# Anyone have any idea?



## PMTT (Oct 13, 2013)

Last year there was a thread posted on here where someone had compiled all sorts of sounds, like a whole darn lot of them and had graciously offered the password to members. I had it saved on my playbook but after having it repaired, they wiped it clean and now I can't find it.

Anyone know who I'm talking about or can point me in the right direction?

TIA!


----------



## WickedWino (Aug 19, 2012)

I would be interested in this too. Searching for some good coffin escape sounds.


----------



## diajoh (Sep 25, 2010)

Go to the HF main page. Do a search for 4shared as a single content type, and display via posts (not threads). There are 16 pages or so of references to files stored on the 4shared website, but be aware that many of them are no longer valid links. Still, you may find what you want.


----------



## Dark lord (Jan 8, 2007)

PMTT said:


> Last year there was a thread posted on here where someone had compiled all sorts of sounds, like a whole darn lot of them and had graciously offered the password to members. I had it saved on my playbook but after having it repaired, they wiped it clean and now I can't find it.
> 
> Anyone know who I'm talking about or can point me in the right direction?
> 
> TIA!


That is probably either me or my good buddy Meltdown. I never could find good SFX & started my own search to collect & started mixing audio for just about any haunt theme, I now have an elaborate collection....lol.
A few years ago I did share the password to my online audio but alas too many problems that I will not get into ( got hacked & trashed a few times....), so I closed that.

I now PM or email links with zip files of audio samples or mixes to requests of whatever your looking for. Happy to help members here as I know that the audio is just as important as the props / scene & ambiance is 

As for Melty, his password & site are still up & running as far as I know, he is seldom on here, but does seem to pop back in around Oct time 
( Hey Melty, how's them cheese wheels these days....LoL  -private joke )

-DL-


----------



## Dark lord (Jan 8, 2007)

WickedWino said:


> I would be interested in this too. Searching for some good coffin escape sounds.


I would have a few that you might like, I'll zip them up & PM you Wed eve (PST) when I get home 

( Hey WickedWino, nice to have a Northern bay area local here, hope you didn't get thrashed too bad few weeks ago !?  Any audio you need or looking for I will help you with, just let me know & I'll take care of you ! Want to make sure Napa has a great Halloween this year  )

DL


----------



## PMTT (Oct 13, 2013)

I think it was you!! I'm so sorry that people were abusing your kindness 
I actually don't even know what I was looking for really, last year I used the one that kept saying, "Come with me..." in a whisper voice.
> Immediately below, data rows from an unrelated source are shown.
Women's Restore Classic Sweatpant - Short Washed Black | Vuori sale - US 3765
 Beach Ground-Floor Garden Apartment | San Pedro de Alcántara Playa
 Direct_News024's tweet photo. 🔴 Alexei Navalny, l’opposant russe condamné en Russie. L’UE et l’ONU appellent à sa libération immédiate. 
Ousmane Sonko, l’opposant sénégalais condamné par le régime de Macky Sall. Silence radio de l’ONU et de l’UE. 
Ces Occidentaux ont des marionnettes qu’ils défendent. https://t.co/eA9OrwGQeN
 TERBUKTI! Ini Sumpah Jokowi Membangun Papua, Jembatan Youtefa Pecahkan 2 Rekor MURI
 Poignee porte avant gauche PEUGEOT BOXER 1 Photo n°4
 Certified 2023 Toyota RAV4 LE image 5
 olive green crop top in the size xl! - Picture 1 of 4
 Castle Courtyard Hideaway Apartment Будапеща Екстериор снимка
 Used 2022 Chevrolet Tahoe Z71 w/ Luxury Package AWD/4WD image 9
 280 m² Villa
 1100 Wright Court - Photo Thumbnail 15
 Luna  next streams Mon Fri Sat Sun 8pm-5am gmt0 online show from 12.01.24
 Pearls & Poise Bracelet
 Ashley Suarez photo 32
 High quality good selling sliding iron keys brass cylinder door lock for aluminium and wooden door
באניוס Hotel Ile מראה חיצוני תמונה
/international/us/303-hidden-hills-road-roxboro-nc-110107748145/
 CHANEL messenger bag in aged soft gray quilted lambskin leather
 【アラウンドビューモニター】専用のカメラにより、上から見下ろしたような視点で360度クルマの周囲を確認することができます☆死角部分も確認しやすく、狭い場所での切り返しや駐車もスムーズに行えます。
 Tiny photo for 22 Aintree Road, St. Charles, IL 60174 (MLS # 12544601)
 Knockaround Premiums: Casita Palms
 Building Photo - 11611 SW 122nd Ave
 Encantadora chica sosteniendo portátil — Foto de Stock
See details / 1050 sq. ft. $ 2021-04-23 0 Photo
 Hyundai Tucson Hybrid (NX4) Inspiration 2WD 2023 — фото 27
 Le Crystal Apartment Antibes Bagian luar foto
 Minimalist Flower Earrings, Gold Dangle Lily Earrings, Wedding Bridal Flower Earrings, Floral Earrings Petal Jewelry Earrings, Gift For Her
Just something freaky to have playing in the bathroom cupboard while peoplle go pee! LOL!


----------



## Dark lord (Jan 8, 2007)

Just PM me what sounds or sound track theme you need & I'll take care of you


----------



## PMTT (Oct 13, 2013)

Thank you!


----------



## WickedWino (Aug 19, 2012)

Dark lord said:


> I would have a few that you might like, I'll zip them up & PM you Wed eve (PST) when I get home
> 
> ( Hey WickedWino, nice to have a Northern bay area local here, hope you didn't get thrashed too bad few weeks ago !?  Any audio you need or looking for I will help you with, just let me know & I'll take care of you ! Want to make sure Napa has a great Halloween this year  )
> 
> DL


Thank you so much Dark Lord! I actually found your Sound Cloud files the other day through searching the forum. I was able to download the files from there. I LOVE the Whispers in the Cornstalks and Gathering of Witches. I think I will use one of those as the ambient sound. The Buried Alive track is close to what I'm looking for, and I love the scraping sound. Very creepy. So, I might go with that for the trigger sound. I only need about 30 seconds of trigger sound and wanted a good startle effect. I built a pallet coffin and will be installing a pneumatic cylinder to bang the lid controlled by the TStraub prop controller.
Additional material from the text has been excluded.